Rimasi in silenzio, lo guardai.

<<Dopo la morte di mia figlia ho cercato per anni delle risposte. Avevo una famiglia fantastica, una moglie bellissima. Mi svegliavo presto, andavo a lavorare, tornavo a casa la sera. Dopo gli omicidi di quelle ragazze, e dopo quello di mia figlia, è cambiato tutto. Non mi sono arreso, non ho smesso di credere in Dio, ma ho cominciato a credere molto di più nel destino.>>
<<Nel destino?>>
<<Già. Thomas Lee Grayson è morto. Un pezzo della feccia che ricopre la terra in cui viviamo non è più tra noi. Forse qualcuno l'ha ucciso, e noi continueremo a cercare. Non ci fermeremo. Io non mi fermerò.>>

Lo guardai.

Mi resi conto, in quel momento più che mai, che Ryan Cooper avrebbe lottato contro quei demoni per tutta la vita.

<<Per stanotte, però>> disse, spostando gli occhi su di me per un istante, <<non voglio più pensare a tutta questa storia. Per stanotte ho bisogno di sapere che qualcosa di buono può ancora accadere.>>

Annuii. Pensai per un secondo alla madre di Ray Dwight, Evelin Perth.

La ballerina.

Pensai a Norma, la ragazza che era con lei nelle fotografie. Stavo ancora aspettando che David Hattinson, dal giornale, mi fornisse le informazioni che la riguardavano e di cui avevo bisogno.

Stavo per dire qualcosa a Ryan, quando la Jeep si fermò.

Eravamo arrivati all'ospedale.

Sentii il cuore accelerare i battiti e le mani sudare. Avevo cercato di rimandare il più a lungo possibile quel momento, perché la verità era che avevo troppa paura. Avrei voluto trovare scuse o giustificazioni, ma non ne avevo più. Ero paralizzato.

Ryan mi guardò.

<<Avanti, Ethan. Andiamo.>> Lo disse come un padre l'avrebbe detto al figlio che avesse un bisogno folle di una rassicurazione di qualche tipo. E fu proprio quello che mi sembrò Ryan, per un attimo, in quel momento. Un padre.

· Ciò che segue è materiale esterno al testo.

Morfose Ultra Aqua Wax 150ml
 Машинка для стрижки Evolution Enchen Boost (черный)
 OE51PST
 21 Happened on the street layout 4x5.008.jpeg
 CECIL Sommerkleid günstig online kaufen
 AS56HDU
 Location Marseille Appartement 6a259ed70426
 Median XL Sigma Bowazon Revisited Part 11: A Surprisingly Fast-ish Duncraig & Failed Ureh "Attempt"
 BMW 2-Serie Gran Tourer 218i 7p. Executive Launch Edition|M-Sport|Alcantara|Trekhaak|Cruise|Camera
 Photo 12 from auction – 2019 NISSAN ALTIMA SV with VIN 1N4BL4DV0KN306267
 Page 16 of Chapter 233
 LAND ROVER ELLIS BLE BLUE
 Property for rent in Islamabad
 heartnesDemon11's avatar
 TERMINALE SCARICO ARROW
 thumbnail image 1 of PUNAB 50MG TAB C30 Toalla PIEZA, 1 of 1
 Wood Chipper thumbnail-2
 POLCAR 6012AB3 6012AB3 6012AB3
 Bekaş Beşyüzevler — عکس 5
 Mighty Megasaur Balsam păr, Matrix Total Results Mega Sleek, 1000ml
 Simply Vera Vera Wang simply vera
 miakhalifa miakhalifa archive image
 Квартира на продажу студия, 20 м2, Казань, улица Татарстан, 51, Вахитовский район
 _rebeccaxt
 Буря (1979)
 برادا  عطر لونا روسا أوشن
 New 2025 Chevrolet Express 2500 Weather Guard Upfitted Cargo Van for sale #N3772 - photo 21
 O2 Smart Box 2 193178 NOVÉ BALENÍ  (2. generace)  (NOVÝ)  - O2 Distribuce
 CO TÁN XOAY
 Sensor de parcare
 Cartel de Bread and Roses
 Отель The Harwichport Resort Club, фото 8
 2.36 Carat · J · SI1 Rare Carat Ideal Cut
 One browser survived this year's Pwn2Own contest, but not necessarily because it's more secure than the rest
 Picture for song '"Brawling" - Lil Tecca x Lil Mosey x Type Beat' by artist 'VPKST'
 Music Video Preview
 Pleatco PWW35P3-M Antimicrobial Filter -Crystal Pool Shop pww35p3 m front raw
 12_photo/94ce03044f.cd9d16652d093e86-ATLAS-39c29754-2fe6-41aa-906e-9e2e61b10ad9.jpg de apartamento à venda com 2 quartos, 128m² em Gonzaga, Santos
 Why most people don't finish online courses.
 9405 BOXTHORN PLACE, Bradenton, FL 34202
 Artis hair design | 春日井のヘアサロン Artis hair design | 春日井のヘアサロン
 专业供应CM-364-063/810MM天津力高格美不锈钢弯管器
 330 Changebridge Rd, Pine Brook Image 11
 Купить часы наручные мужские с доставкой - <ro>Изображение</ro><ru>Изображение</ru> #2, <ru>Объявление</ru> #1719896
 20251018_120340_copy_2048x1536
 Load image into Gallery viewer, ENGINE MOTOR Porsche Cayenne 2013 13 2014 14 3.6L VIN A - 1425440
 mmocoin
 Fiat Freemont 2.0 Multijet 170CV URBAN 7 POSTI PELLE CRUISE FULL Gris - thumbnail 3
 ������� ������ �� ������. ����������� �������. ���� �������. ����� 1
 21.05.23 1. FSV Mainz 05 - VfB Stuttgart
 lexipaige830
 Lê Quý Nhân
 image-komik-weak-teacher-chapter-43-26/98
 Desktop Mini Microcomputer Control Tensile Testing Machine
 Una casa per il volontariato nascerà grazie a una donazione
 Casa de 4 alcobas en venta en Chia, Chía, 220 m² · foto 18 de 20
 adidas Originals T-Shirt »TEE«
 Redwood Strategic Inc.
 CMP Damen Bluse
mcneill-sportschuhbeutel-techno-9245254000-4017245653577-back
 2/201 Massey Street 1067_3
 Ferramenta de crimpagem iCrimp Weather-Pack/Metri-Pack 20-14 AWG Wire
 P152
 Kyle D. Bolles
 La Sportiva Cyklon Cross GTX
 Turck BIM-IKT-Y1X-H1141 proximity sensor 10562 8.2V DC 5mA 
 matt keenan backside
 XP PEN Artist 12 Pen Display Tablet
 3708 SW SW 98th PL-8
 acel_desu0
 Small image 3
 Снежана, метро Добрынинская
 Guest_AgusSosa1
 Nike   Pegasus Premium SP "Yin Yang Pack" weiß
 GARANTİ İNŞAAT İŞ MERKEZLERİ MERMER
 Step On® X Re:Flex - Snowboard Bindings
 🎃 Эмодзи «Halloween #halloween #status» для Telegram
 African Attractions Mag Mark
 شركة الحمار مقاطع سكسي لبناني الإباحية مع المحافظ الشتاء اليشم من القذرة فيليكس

Scendemmo dalla Jeep, entrammo nell'ospedale. Salimmo al terzo piano, dove l'avevano portata insieme all' altra ragazza trovata nel tunnel dentro la montagna.

Nel momento esatto in cui le porte scorrevoli dell'ascensore si aprirono, vidi i genitori di Marianne seduti su una delle tante panche della sala d'attesa.

Il padre sorreggeva la madre, che non riusciva a smettere di piangere.